October 27th, 2008 at 10:08 am
Absolutely spot on article. I live in the adminisphere surrounded by pseudo-psycho management babble. Lets have your musings on “going forward” in future (!)
November 8th, 2008 at 5:04 pm
Don’t blame the teachers – they’re only trying to expand our collective young and inexperienced vocabulary. And its only by learning these interesting and vague alternatives that we can begin to explore the wonders of our language and tell our great and nuanced stories. I know some interesting people who are masters at ‘obtaining’ valuable information.
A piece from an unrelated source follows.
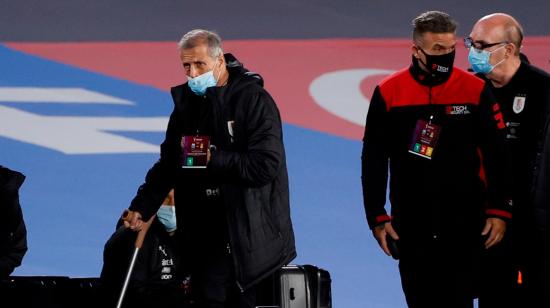 El entrenador de Uruguay Óscar Washington Tabarez antes de enfrentar a Argentina por las Eliminatorias al Mundial de Catar 2022, el 10 de octubre.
So don’t blame the teachers – they open our young eyes to a world of wonder and amazement.
If you want to deal out blame, look no further than the thesaurus – the tool of the modern literary scoundrel.
Most of us forget the wonderful alternatives we learn at school – except those gifted and bloody-minded types that go on to be writers and poets – in the same way that we forget algebra, geometry and bionomial expansions. But we’re charlatans. We want to impress with our language skills so we keep a thesaurus to hand in the same way an alcoholic will keep some hooch to hand for a quick nip. I know many language evangelists who often refer to the office tome for inspiration. Bad evangelist – no tea and cake for you.
If you want to change how we use language, gather up and burn every thesaurus. Kinda fascist I know, but you have to be a little radical to change the world. Crikey, there’s that ‘C’ word again – been hearing that a lot lately. Let me get my thesaurus and find an alternative…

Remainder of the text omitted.